Von den Bündnern war zunächst nicht viel zu sehen, bis zwei Pucks an Specks Maske prallten. Ab dem zweiten Drittel gelang es den Ausserrhodern nicht mehr, über längere Zeit das Geschehen zu bestimmen; Herisau wie Prättigau verzeichneten bessere und schwierigere Momente, die sich abwechselten.
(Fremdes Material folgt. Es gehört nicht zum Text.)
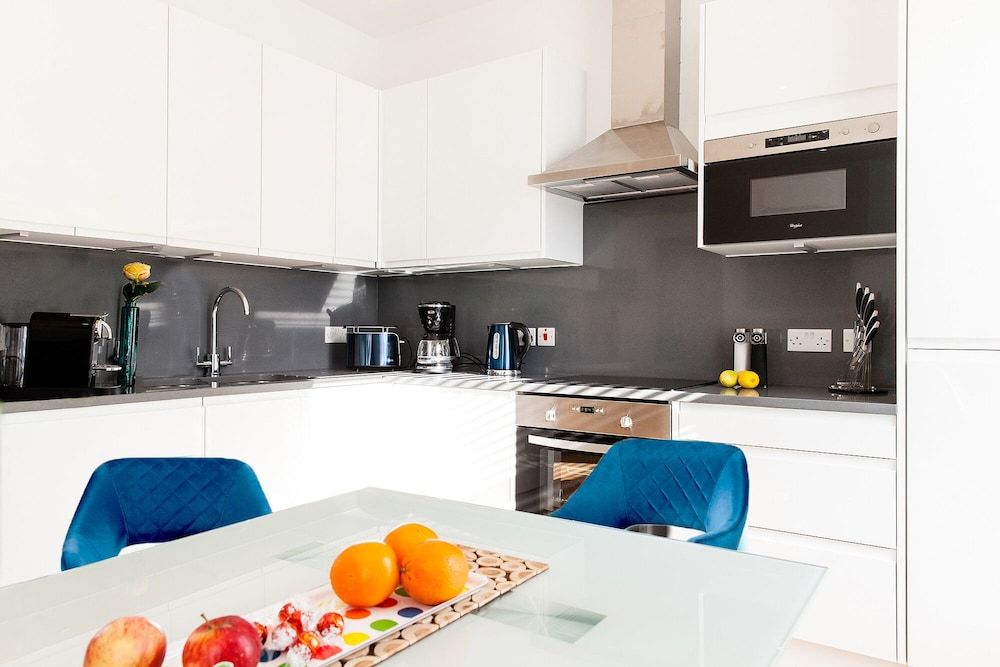 undefined Cloud 88 9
Aus der Tiefe ideal bedient

Einmal wehrte Speck in Unterzahl noch glänzend ab (23.), beim Schuss Maruggs von der blauen Linie (im nächsten Prättigauer Powerplay) verdeckte ihm Thöny aber die Sicht: der Puck flog zum 0:1 ins Tor. 86 Sekunden später traf Marco Koller auch in Überzahl von der blauen Linie zum Ausgleich. Pace, Rotzinger, Hof­stetter und Gartmann vergaben für die Ausserrhoder in dieser Phase grosse Möglichkeiten, auch bei den Gästen stand es um die Konzentration im Abschluss nicht allzu gut. Es gab nur noch ein einziges Tor, dieses war dafür umso schöner: Verteidiger Jeitziner bediente nach 45 Minuten aus der eigenen Zone heraus Timo Koller ideal in den Lauf, und dieser vollendete den lehrbuchmässigen Angriff souverän.

Auch am Samstag hütet Speck das Tor

Zuvor hatte Herisau 2018/19 stets fünf Gegentreffer hinnehmen müssen. Dass es diesmal bei einem blieb, kann die Mannschaft auf der Positivseite in die nächste Partie nehmen.

Weniger gut in Erinnerung bleibt das letzte SCH-Überzahlspiel des Abends. Statt Druck zu entwickeln und die Entscheidung anzustreben, gab es Missverständnisse und eine flächendeckende Verunsicherung, die in die finalen Turbulenzen mündete. «Das wird gegen die Pikes wohl wieder eng», sagt Sandro Speck, der auch am Samstag das Tor hüten wird. Wie Herisau haben die Oberthurgauer nach drei Niederlagen vorgestern gewonnen (8:2 gegen Rheintal). Vor dem Derby sind die beiden Teams punktgleich.

Herisau – Prättigau 2:1 (0:0, 1:1, 1:0)

Sportzentrum. – 304 Zuschauer. – Sr. Leutenegger, Halberstadt/Hollenstein.

Tore: 29. (28:15) Marugg (Kessler, Thöny, Ausschluss Hofstetter) 0:1. 30. (29:41) M. Koller (Aerni, Bommeli, Ausschluss Rossi) 1:1. 45. T. Koller (Jeitziner) 2:1.

Herisau: Speck; Bleiker, Olbrecht; Hofstetter, Jeitziner; Homberger, M. Koller; Studerus, Bohlhalder; Grau, Rotzinger, Bommeli; Popp, Gartmann, Speranzino; Aerni, Pace, T. Koller; Holdener, Hausammann, Heinrich.

Prättigau: Kotry; Marugg, Raganato; Willi, Peterhans; Durisch, Stiffler; Rossi, Christen, Carnot; Hertner, Thöny, Siegrist; Mazza, Naef, Kessler; Hemopo, Mullis, Depeder.

Strafen: Herisau 5-mal 2 Minuten, Prättigau 8-mal 2 Minuten plus 10 Minuten Disziplinarstrafe Rossi (Check gegen die Bande).

Bemerkungen: Herisau ohne Klingler (Ferien), Biefer, Grüter, Brügger und Inauen (überzählig).